++++ Material supplied ++++
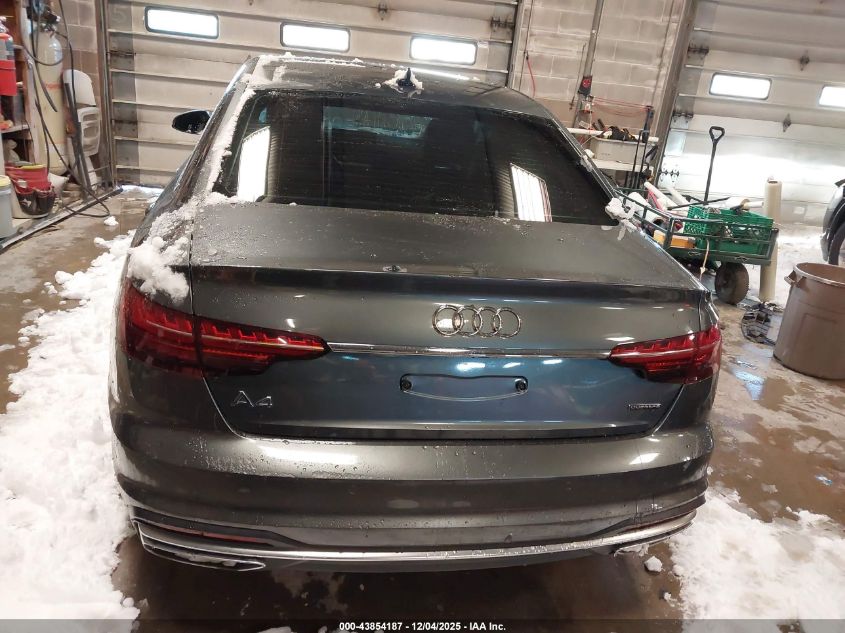 2022 Audi A4 Premium Plus 45 Tfsi S Line Quattro S Tronic VIN: WAUEAAF48NA015198 Lot: 43854187
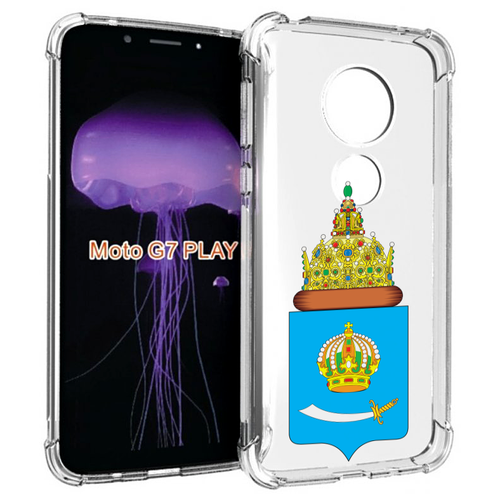 Чехол MyPads герб-астраханской-области для Motorola Moto G7 Play задняя-панель-накладка-бампер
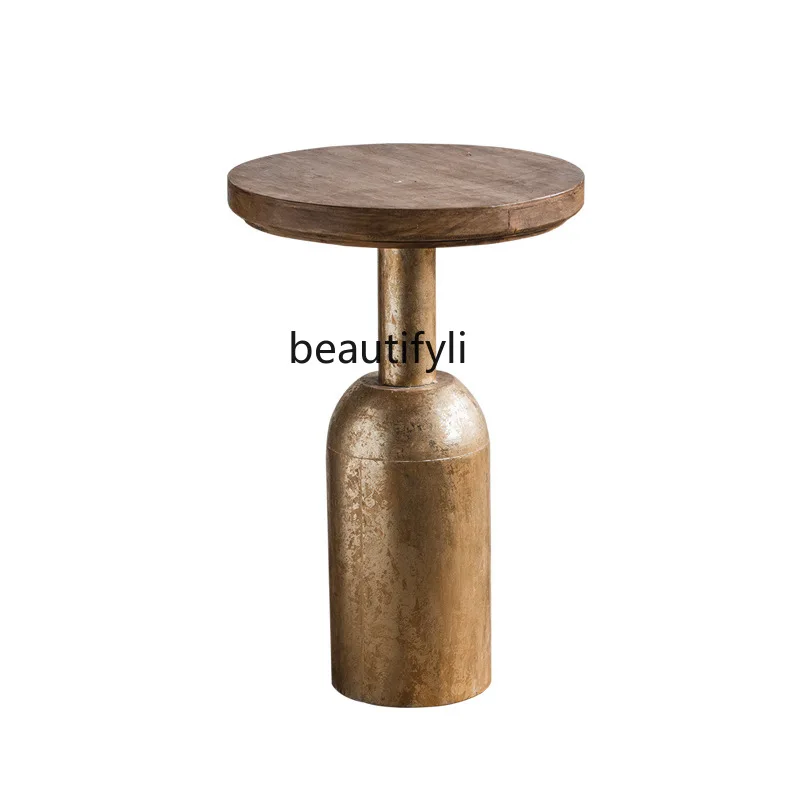 zq American Retro Living Room Sofa Small Coffee Table Iron Side Table Balcony Small round Table Conference Table
zq American Retro Living Room Sofa Small Coffee Table Iron Side Table Balcony Small round Table Conference Table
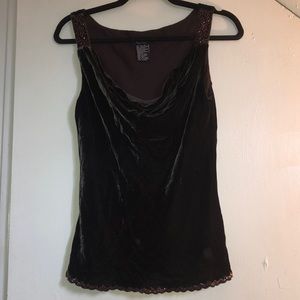 ECI Velvet Beaded Top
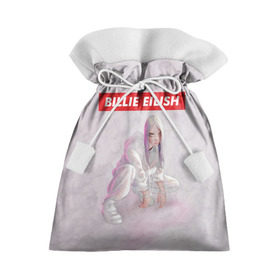 Подарочный 3D мешок с принтом BILLIE EILISH в Санкт-Петербурге, 100% полиэстер | Размер: 29*39 см | bad guy | billie | eilish | ocean eyes | айлиш | билли | девушка | певица | эйлиш
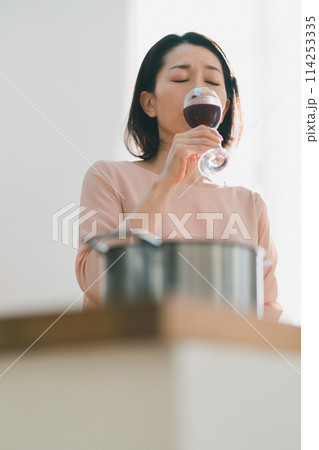 a forty-something woman a forty-something woman 114253335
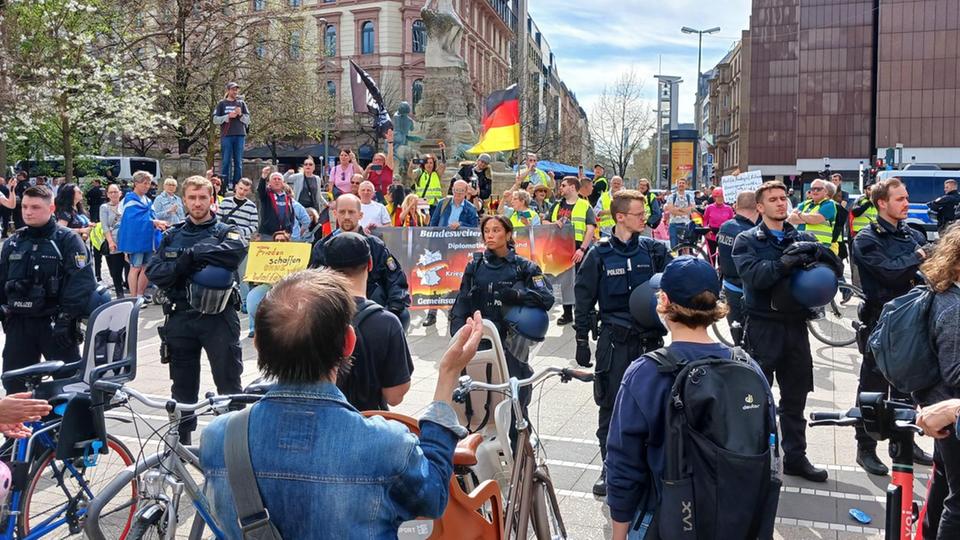 Bericht Naziaufmarsch & Gegenprotest 05. April [Frankfurt]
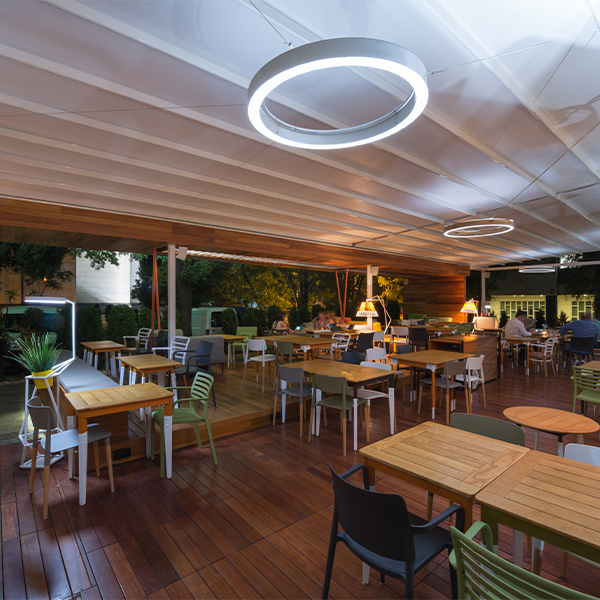 Outdoor Dining & Terrace Areas
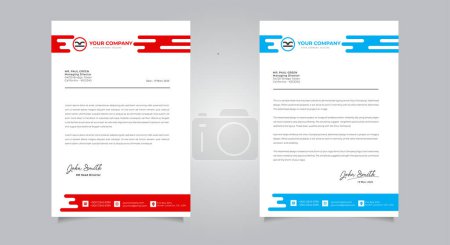 Photo for Business Letterhead template with modern abstract design vector Illustration EPS 10 - Royalty Free Image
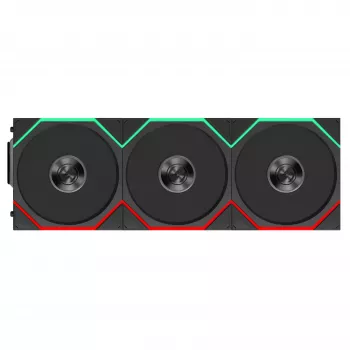 Lian Li UNI FAN TL FLEX Wireless ARGB 120mm Fan 3-Pack with Controller - Black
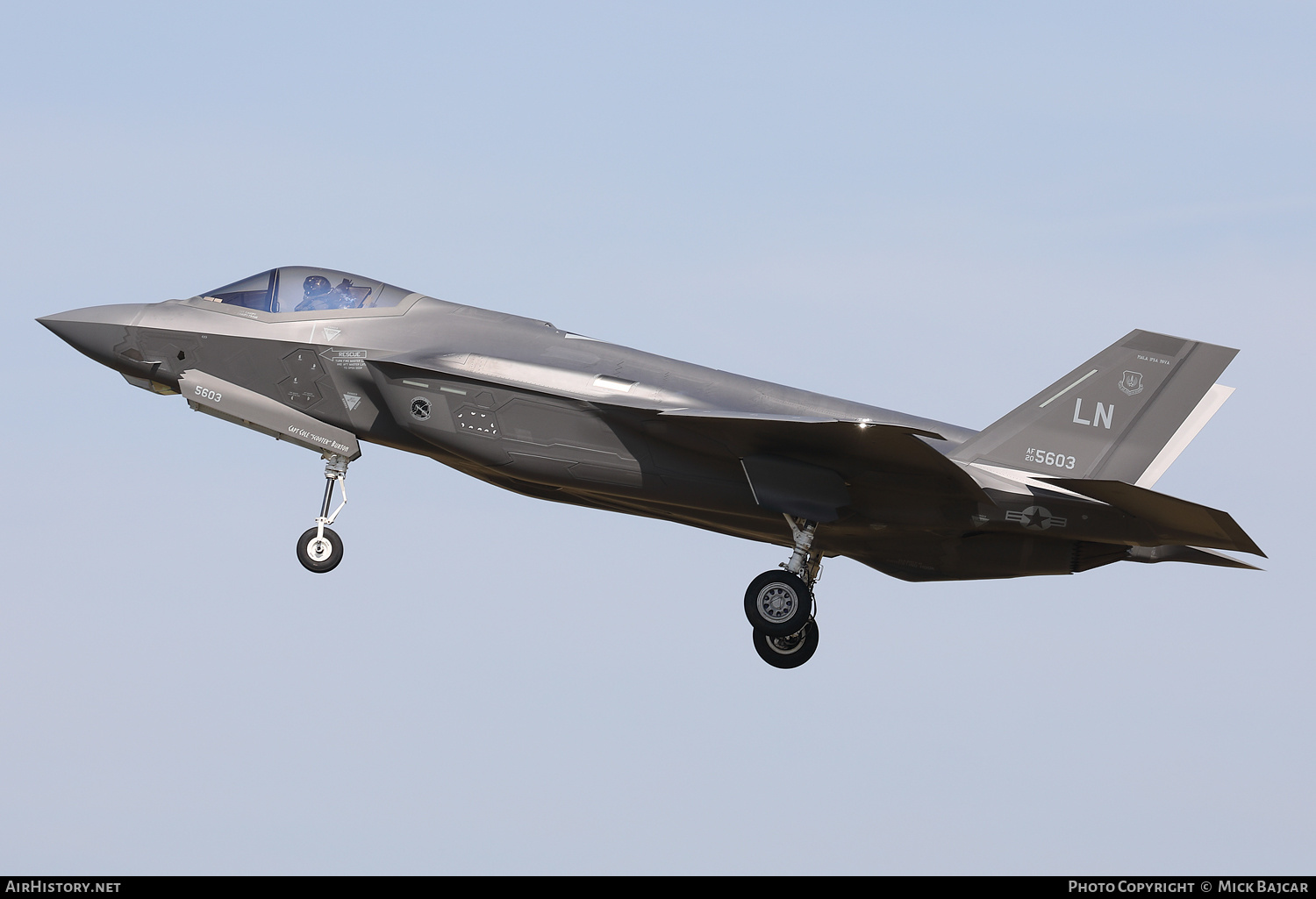 Aircraft Photo of 20-5603 / AF20-5603 | Lockheed Martin F-35A Lightning II | USA - Air Force | AirHistory.net #806174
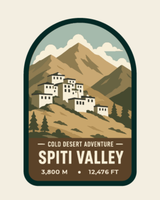 Spiti Valley - Bag Patch Sticker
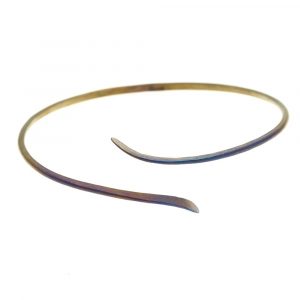Ribbon Forged Titanium Bracelet Golden Purple by Atkinson-art, Cornwall, England, UK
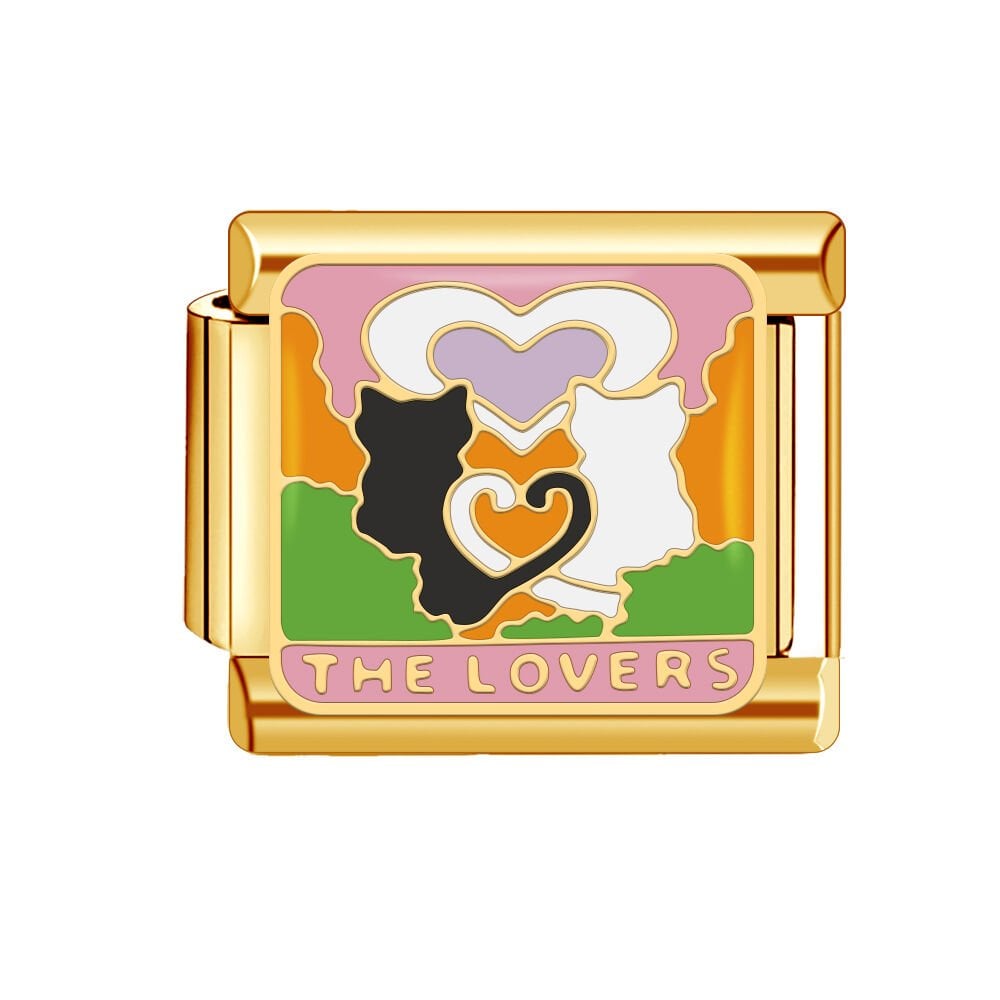 Kedi Desenli Gold Charm XV1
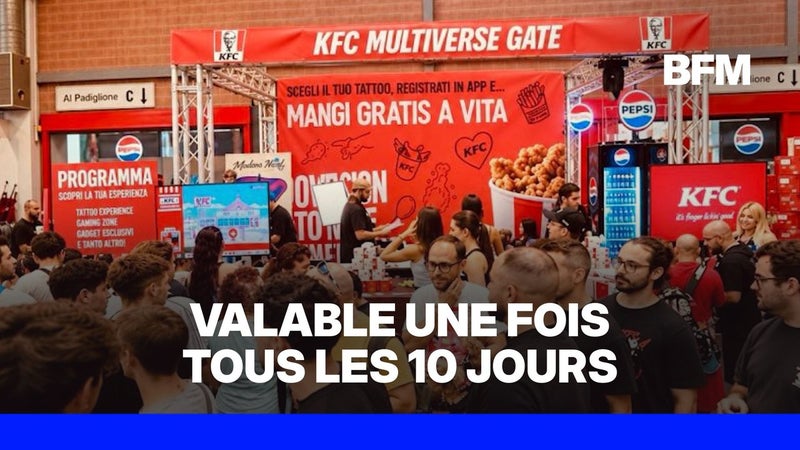 Italie: du poulet frit gratuit à vie en échange d’un tatouage KFC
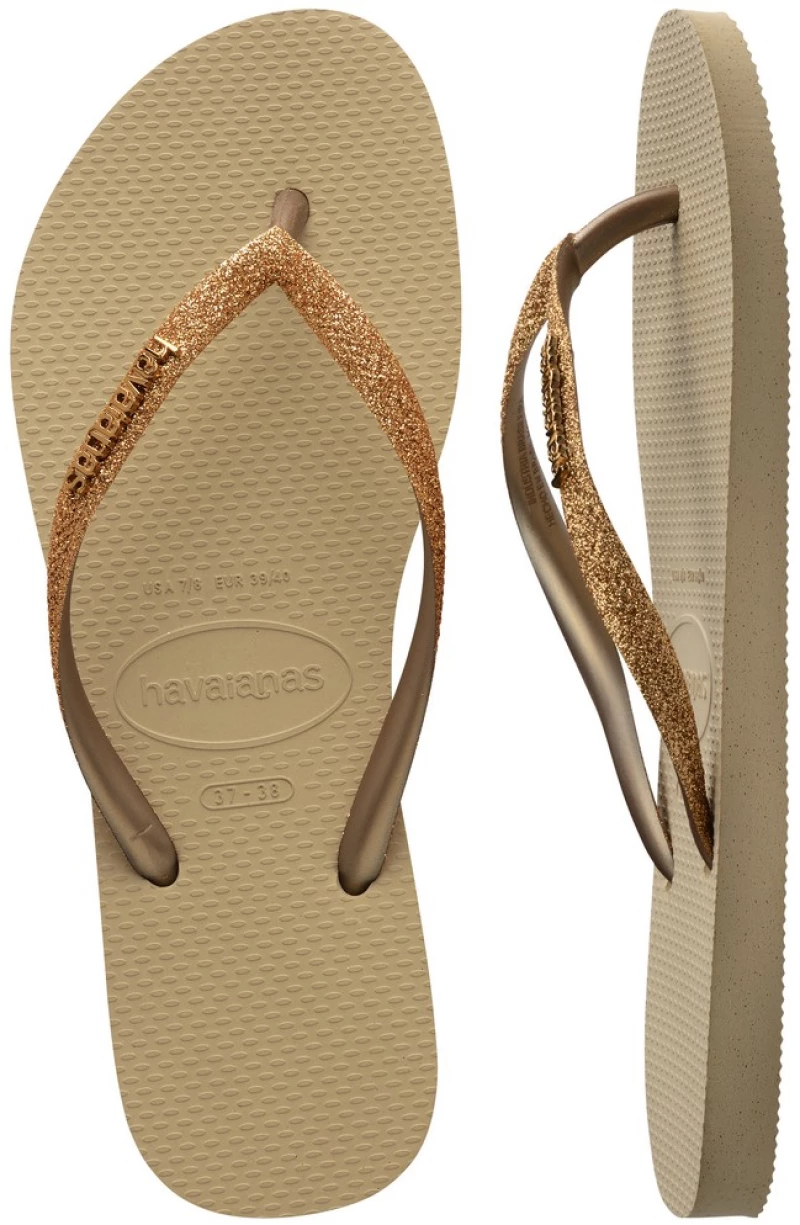 Havaianas SLIM GLITTER II 4146975-9177 HAVAIANAS ΧΡΥΣΟ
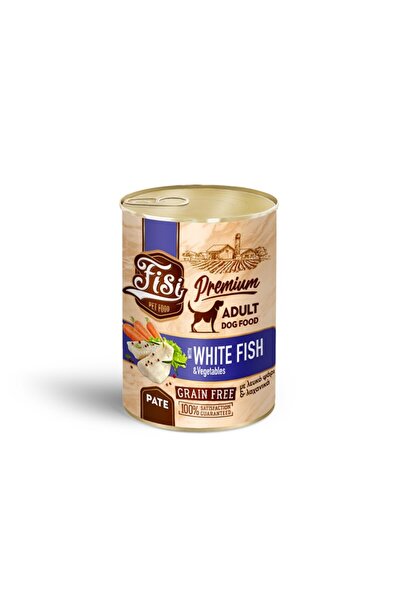 Fisi Pet Food Hrana umeda pentru caini FISI Dog Adult Pate cu Peste & Pui 400g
++++
Task to complete:
Give back exactly the lines from the one that contains "Lian Li UNI" to the final line of the data above, both included, with all pictures removed.

Task response:
 Lian Li UNI FAN TL FLEX Wireless ARGB 120mm Fan 3-Pack with Controller - Black
 Aircraft Photo of 20-5603 / AF20-5603 | Lockheed Martin F-35A Lightning II | USA - Air Force | AirHistory.net #806174
 Spiti Valley - Bag Patch Sticker
Ribbon Forged Titanium Bracelet Golden Purple by Atkinson-art, Cornwall, England, UK
 Kedi Desenli Gold Charm XV1
 Italie: du poulet frit gratuit à vie en échange d’un tatouage KFC
 Havaianas SLIM GLITTER II 4146975-9177 HAVAIANAS ΧΡΥΣΟ
 Fisi Pet Food Hrana umeda pentru caini FISI Dog Adult Pate cu Peste & Pui 400g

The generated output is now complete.